THIS time of year can be one of the most stressful for families with children reaching school age or moving to secondary.

By now parents who have been unable to get their offspring into their school of choice through the use of a placing request will be worrying about the future. Should they appeal, perhaps move house, go to their local school or consider the private sector?

Dealing with a placing request refusal is, of course, not a new phenomenon, but increasing numbers of parents who use this route are being left disappointed.

Figures from East Renfrewshire, which has some of the most popular schools in Scotland, show a sharp increase in the number of placing requests refused this year with hundreds missing out.

But it is not just leafy suburb authorities who are declining increasing numbers of requests. In 2013 Glasgow City Council began reserving places at some of its most popular schools to ensure pupils who moved into the catchment areas could attend.

The most recent national figures available show this is also an issue across Scotland with fewer parents currently being given their choice of primary school than at any time during the past two decades and a corresponding rise in court cases to contest these decisions.

One of the main reasons is because local authorities have shut or merged primaries as part of a money-saving rationalisation of the estate. This smaller number of schools has led to fewer spare places, which has in turn reduced the ability of parents to place their children in schools outside their catchment area.

The decline has also been blamed on the Scottish Government's drive to reduce class sizes with a legal-binding 25-pupil limit in place for the first year of primary. Interestingly, placing requests themselves are also partly to blame for this phenomenon.

The system was introduced by Margaret Thatcher's Conservative government in 1980 as part of moves to create greater social mobility by allowing aspirational parents access to "better" schools.

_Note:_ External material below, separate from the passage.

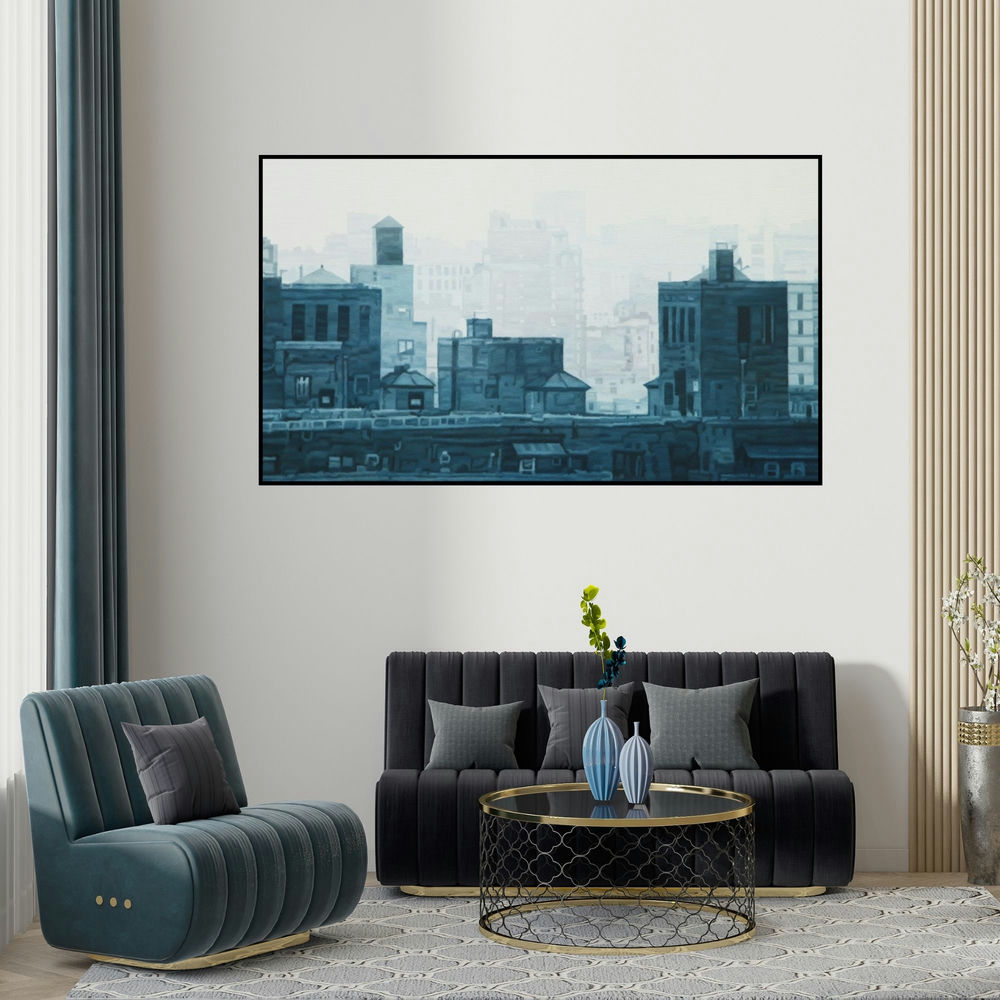 Ganesh Pokharkar's 'Cityscape 4 (Foggy Cityscape II)' painting visualized above a sofa in a contemporary room.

It meant parents who did not want to send their children to their local school were able for the first time to secure a place elsewhere, so long as there was space, but critics argued it was also intended to create a market in state education which would force less popular schools to close.

In fact what the legislation has done is to exacerbate differences between schools which has led to a heightened perception that some are better than others, in turn fuelling further waves of placing requests.

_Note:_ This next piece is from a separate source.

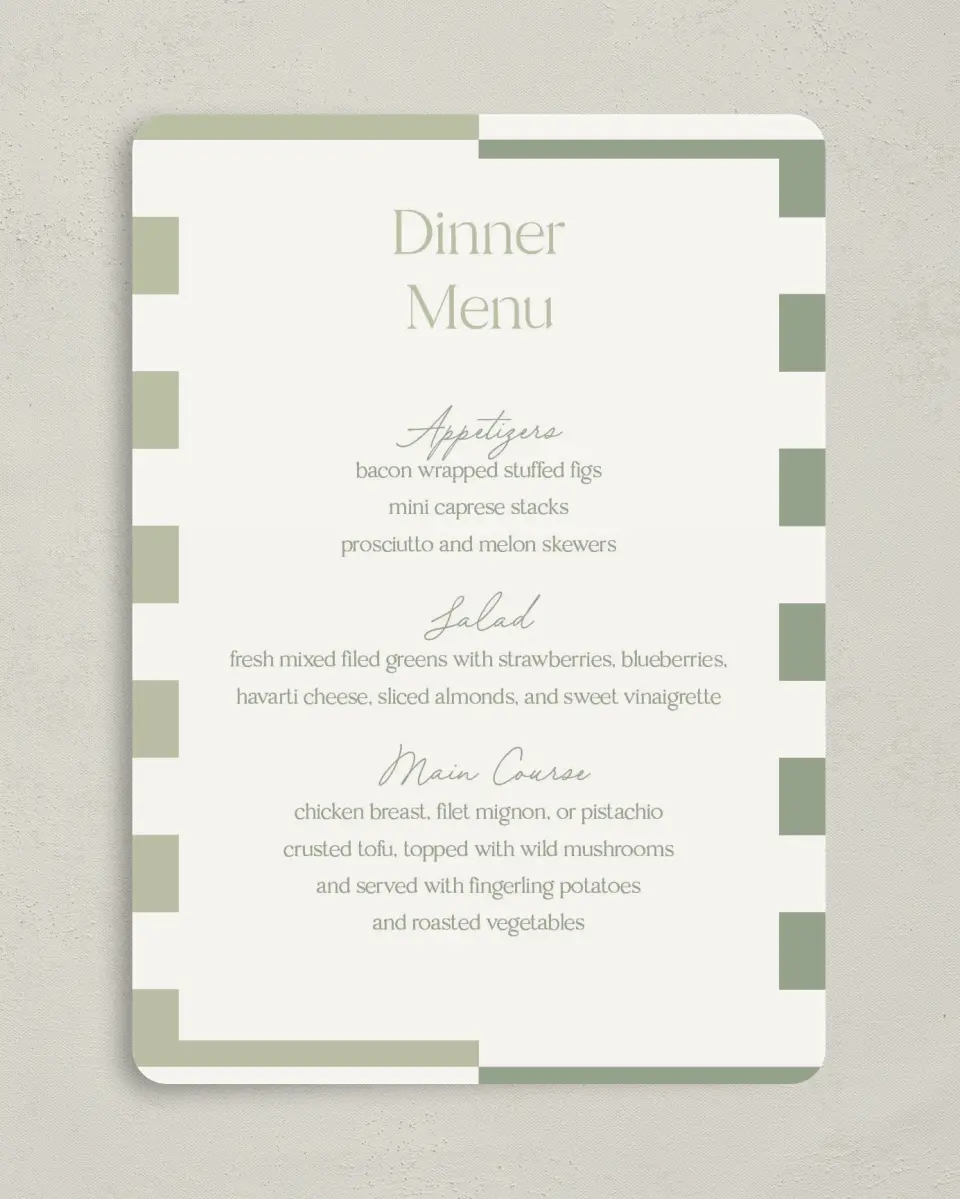 This is a 5" x 7" Wedding Menu Card called The Penelope printed in full color on Premium Smooth paper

Educational expert Brian Boyd argued recently that placing requests had led to increasing inequality because it polarised communities and exacerbated differences between comprehensive schools in different areas.

With increasing numbers of placing requests now being refused what happens next will be hugely significant. If parents move house or seek a place in the private sector then little will change.

But if families decide to give their local school a chance and bring with them their passion for education then there is a possibility educational inequalities may begin to be rebalanced.